Alves do Ó recorda que o Monumental “já não estava nas melhores condições” quando o visitou pela última vez, na estreia de “Dor e Glória”, de Pedro Almodóvar, em 2019. “A sala estava lotada, mas havia cadeiras partidas e houve gente a sair porque o ar condicionado estava estragado e as pessoas não estavam a aguentar o calor. Já não estava no seu melhor e falava-se disso.”
Em comparação com o que existe hoje, em termos de programação diferenciada, Tiago Guedes salienta o facto de o Monumental ter várias salas, o que permitia uma programação mais alargada do que existe, por exemplo, no Nimas, no Ideal ou no Cinema Fernando Lopes, na Universidade Lusófona. “Fiquei com pena e acho que se perdeu muito quando fechou. Como eram várias salas, isso perdeu-se, claramente. E está cada vez mais difícil, pois estamos a perder espectadores em todas as frentes. Tenho uma esperança romântica de que estes cinemas não acabem, porque acho que nada substitui a experiência da sala, deste tipo de programações e de filmes diferentes e desafiantes, que nos enriquecem, que não são apenas mero entretenimento, que não são apenas uma forma de ocuparmos o tempo e de nos esquecermos de que existimos. É muito importante que se mantenha e acho que essa busca vai continuar. Porque ver em casa não é a mesma coisa.”
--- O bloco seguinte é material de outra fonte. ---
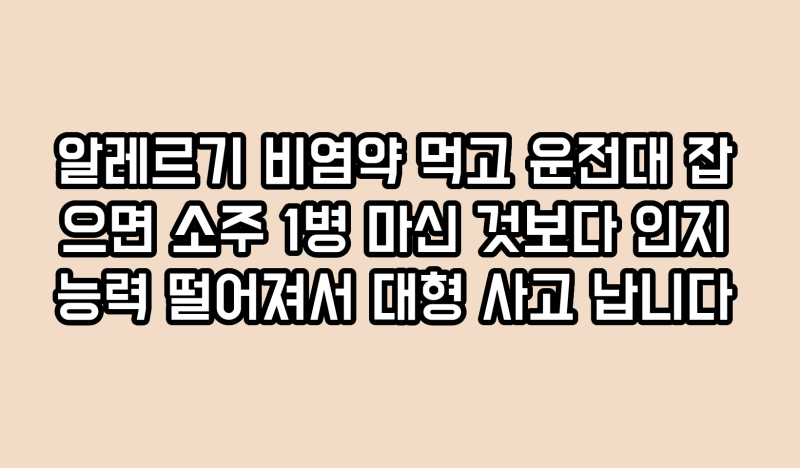 알레르기 비염약 먹고 운전대 잡으면 소주 1병 마신 것보다 인지 능력 떨어져서 대형 사고 납....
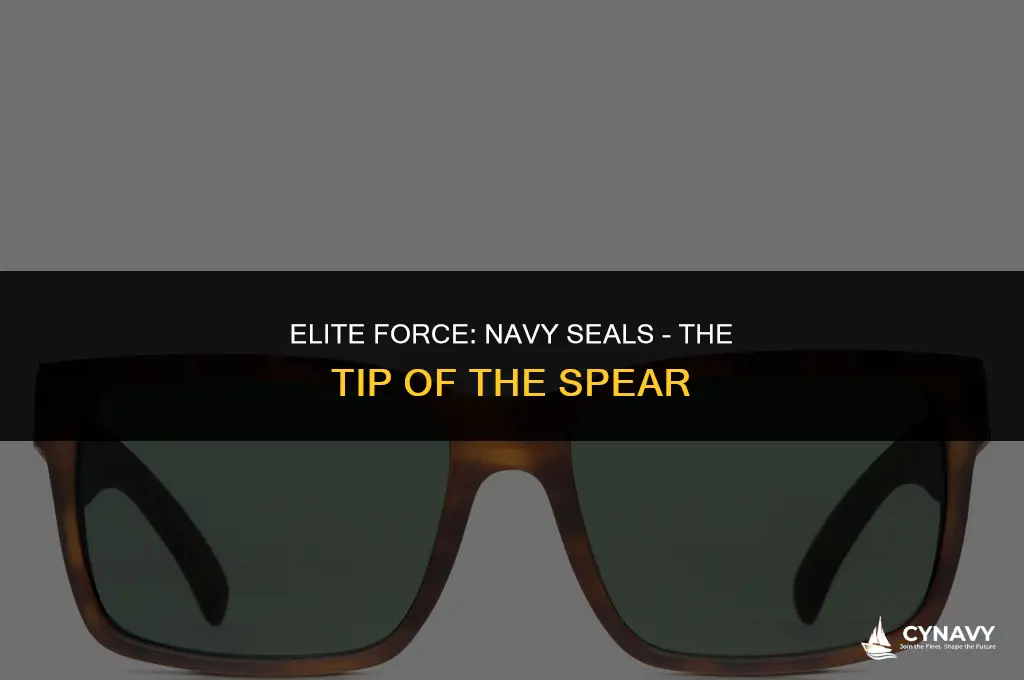 are navy seals the tip of the spear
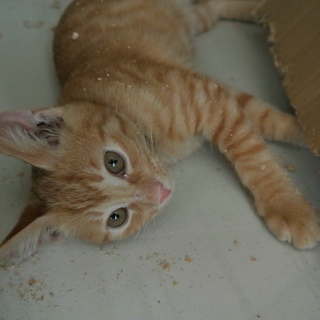 人なれ茶とら軍団！オレ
Ana Rocha de Sousa encara esta mudança com “apreensão”. “Todas as alterações profundas mexem com crenças, rituais e uma vivência muito estabelecida daquilo que se conhecia. Se calhar também é sinónimo de estarmos a ficar mais velhos, porque todas as gerações passam por grandes transformações. Mas continuemos com o Nimas, por favor. Não deixemos que isto aconteça a todos esses lugares. São esses lugares que transformam vidas. Acho muito difícil que um monitor em casa consiga alguma vez ter a mesma influência e impacto na vida das pessoas.”
Já Teresa Villaverde considera que a diversidade no cinema é de “uma importância capital” e que aquilo a que assistimos tem sido uma “involução”. “Agora temos o streaming, a ausência de partilha, de escuridão, do não saber o que vem lá. Eu acho que a ausência da magia na nossa vida paga-se cara. A ausência da magia e da partilha nas vidas das crianças paga-se caríssima. Depois queixam-se de as crianças hoje viverem agarradas aos telefones, de não saberem brincar. Nunca relacionamos umas coisas com as outras. As salas de cinema não deviam fechar, deviam abrir. Deviam poder ter bilhetes mais baratos para famílias inteiras poderem ir juntas. O Monumental já não era como eu o conhecia, mas é um crime fechar mais salas de cinema.”
Paulo Branco tem uma visão mais pragmática do assunto. “As elites falam muito do Monumental, mas pôr lá os pés está quieto. Quando se encerra uma sala, chora tudo. Mas durante 20 anos não puseram lá os pés. É sempre assim, é o país que temos.” O exibidor haveria ainda de programar as salas do Saldanha Residence, do Ávila e mantém a sua atividade no Nimas, também na zona das Avenidas Novas. Hoje, a Medeia Filmes também está presente em salas do Porto, Setúbal, Coimbra, Figueira da Foz e Braga.
“O Nimas tornou-se numa sala de êxito. Faço mais espectadores agora do que alguma vez fiz. É a sala que, face à respetiva dimensão, mais espectadores faz em Portugal. Este ano subimos mais de 60% os números que tínhamos antes da pandemia”, adianta. “Significa que há um público. Vou-me batendo para que o Nimas continue a mostrar filmes e com gente — porque salas vazias não interessam a ninguém. E voltei a ter aquele prazer de ter uma sala e construir uma programação como tive nos anos 70 em Paris. Tentarei sempre ter a intuição de perceber o que as pessoas gostarão de descobrir. De resto, não podemos ser saudosistas. As coisas existem no seu tempo. E agora vamos continuar. A relação com o cinema continua a existir e isso é o importante.”